▶ **The data**:
--------------------------------------------------
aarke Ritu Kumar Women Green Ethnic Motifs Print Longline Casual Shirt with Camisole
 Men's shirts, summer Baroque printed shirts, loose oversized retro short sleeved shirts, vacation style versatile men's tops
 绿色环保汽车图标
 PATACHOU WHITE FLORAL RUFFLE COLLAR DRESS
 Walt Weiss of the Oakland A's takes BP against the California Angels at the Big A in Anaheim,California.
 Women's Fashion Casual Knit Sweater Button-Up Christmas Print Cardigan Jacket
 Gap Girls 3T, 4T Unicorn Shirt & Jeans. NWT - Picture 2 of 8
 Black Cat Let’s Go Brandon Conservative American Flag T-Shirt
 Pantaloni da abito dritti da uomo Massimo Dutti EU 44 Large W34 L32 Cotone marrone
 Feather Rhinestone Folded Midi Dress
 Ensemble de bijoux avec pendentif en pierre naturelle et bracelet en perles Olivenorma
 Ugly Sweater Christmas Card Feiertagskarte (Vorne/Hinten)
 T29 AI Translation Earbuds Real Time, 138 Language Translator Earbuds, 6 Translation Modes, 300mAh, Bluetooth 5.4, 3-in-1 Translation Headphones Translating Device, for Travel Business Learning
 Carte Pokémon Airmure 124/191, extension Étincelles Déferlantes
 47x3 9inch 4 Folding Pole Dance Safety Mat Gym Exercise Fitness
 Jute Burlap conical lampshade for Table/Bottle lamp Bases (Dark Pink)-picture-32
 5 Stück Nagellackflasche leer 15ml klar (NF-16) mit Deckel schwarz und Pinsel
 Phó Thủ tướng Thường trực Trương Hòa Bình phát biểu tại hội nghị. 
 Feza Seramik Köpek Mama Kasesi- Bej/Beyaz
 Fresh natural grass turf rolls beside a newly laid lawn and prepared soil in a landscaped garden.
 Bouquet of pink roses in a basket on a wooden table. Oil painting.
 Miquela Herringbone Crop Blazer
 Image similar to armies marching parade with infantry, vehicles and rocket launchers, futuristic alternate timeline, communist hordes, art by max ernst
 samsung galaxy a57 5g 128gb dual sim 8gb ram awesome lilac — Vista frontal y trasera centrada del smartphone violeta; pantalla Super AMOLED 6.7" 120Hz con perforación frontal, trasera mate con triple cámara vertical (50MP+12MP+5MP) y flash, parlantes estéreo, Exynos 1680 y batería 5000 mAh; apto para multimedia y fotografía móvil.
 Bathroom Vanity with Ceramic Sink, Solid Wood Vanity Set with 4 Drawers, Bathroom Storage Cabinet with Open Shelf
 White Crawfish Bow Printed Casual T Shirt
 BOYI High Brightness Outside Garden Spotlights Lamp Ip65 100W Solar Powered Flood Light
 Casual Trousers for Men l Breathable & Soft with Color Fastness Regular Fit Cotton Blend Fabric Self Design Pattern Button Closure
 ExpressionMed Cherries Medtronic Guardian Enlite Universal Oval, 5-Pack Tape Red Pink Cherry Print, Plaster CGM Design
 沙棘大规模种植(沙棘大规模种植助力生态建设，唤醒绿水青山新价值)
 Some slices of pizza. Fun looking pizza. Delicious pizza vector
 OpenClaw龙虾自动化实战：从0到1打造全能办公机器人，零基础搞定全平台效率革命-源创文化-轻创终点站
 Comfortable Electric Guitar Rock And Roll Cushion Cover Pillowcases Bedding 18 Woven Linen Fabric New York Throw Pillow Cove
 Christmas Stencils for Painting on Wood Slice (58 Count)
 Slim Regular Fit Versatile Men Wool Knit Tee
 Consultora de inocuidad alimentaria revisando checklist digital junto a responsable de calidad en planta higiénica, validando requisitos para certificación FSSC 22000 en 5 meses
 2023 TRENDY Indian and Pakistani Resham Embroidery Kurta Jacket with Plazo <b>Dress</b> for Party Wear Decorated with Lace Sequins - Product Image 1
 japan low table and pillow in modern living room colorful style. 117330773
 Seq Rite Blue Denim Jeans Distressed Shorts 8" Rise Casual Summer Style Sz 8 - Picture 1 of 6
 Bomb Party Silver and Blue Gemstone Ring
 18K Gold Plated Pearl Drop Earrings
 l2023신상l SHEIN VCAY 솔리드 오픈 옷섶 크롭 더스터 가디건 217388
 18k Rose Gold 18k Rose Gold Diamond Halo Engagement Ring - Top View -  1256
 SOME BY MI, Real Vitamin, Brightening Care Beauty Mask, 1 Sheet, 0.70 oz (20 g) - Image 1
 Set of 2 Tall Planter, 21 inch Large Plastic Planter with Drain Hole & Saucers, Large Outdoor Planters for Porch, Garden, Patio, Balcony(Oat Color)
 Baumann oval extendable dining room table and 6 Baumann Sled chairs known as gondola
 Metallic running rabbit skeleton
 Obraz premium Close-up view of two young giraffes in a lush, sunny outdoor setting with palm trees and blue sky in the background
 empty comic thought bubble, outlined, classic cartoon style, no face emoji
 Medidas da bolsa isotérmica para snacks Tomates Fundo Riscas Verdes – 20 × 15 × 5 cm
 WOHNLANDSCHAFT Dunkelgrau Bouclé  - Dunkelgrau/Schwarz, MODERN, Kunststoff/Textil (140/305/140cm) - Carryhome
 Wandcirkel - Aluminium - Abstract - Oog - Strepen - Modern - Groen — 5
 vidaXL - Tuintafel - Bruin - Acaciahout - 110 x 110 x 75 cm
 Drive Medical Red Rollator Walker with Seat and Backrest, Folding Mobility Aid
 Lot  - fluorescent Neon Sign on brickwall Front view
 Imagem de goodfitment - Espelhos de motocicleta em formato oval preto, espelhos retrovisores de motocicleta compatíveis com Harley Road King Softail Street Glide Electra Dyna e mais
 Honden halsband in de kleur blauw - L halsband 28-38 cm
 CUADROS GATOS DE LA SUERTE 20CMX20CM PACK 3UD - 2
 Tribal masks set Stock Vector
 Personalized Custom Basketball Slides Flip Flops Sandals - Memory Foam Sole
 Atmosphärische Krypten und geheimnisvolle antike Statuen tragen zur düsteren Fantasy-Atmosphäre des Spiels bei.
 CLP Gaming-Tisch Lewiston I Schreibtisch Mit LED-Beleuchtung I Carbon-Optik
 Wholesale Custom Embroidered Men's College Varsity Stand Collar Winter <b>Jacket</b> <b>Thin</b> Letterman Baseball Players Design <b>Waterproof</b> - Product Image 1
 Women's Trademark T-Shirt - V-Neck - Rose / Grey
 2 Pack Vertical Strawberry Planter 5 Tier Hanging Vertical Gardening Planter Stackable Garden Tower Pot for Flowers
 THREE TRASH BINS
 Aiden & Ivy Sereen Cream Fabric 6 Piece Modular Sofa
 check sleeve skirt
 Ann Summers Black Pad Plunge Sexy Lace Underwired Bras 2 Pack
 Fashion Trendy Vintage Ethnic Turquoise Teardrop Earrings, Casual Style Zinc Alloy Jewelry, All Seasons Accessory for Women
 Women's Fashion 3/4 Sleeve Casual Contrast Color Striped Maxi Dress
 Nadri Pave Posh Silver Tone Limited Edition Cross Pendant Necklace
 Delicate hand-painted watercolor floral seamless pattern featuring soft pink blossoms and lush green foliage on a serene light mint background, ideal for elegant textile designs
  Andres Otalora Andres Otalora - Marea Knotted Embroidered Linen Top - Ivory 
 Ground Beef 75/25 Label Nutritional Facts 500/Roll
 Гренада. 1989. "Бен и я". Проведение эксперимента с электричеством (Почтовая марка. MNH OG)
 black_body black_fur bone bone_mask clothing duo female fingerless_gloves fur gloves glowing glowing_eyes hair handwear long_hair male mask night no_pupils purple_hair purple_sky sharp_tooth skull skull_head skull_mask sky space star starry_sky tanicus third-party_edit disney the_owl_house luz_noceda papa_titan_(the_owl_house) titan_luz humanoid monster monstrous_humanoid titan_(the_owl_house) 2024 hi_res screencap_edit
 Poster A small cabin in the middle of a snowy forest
--------------------------------------------------
▶ **Task instructions**: Look above for the line containing "empty comic thought". Output from there through the line containing "2 Pack Vertical", exactly and inclusively.

▶ **Result for this exercise**:
 empty comic thought bubble, outlined, classic cartoon style, no face emoji
 Medidas da bolsa isotérmica para snacks Tomates Fundo Riscas Verdes – 20 × 15 × 5 cm
 WOHNLANDSCHAFT Dunkelgrau Bouclé  - Dunkelgrau/Schwarz, MODERN, Kunststoff/Textil (140/305/140cm) - Carryhome
 Wandcirkel - Aluminium - Abstract - Oog - Strepen - Modern - Groen — 5
 vidaXL - Tuintafel - Bruin - Acaciahout - 110 x 110 x 75 cm
 Drive Medical Red Rollator Walker with Seat and Backrest, Folding Mobility Aid
 Lot  - fluorescent Neon Sign on brickwall Front view
 Imagem de goodfitment - Espelhos de motocicleta em formato oval preto, espelhos retrovisores de motocicleta compatíveis com Harley Road King Softail Street Glide Electra Dyna e mais
 Honden halsband in de kleur blauw - L halsband 28-38 cm
 CUADROS GATOS DE LA SUERTE 20CMX20CM PACK 3UD - 2
 Tribal masks set Stock Vector
 Personalized Custom Basketball Slides Flip Flops Sandals - Memory Foam Sole
 Atmosphärische Krypten und geheimnisvolle antike Statuen tragen zur düsteren Fantasy-Atmosphäre des Spiels bei.
 CLP Gaming-Tisch Lewiston I Schreibtisch Mit LED-Beleuchtung I Carbon-Optik
 Wholesale Custom Embroidered Men's College Varsity Stand Collar Winter <b>Jacket</b> <b>Thin</b> Letterman Baseball Players Design <b>Waterproof</b> - Product Image 1
 Women's Trademark T-Shirt - V-Neck - Rose / Grey
 2 Pack Vertical Strawberry Planter 5 Tier Hanging Vertical Gardening Planter Stackable Garden Tower Pot for Flowers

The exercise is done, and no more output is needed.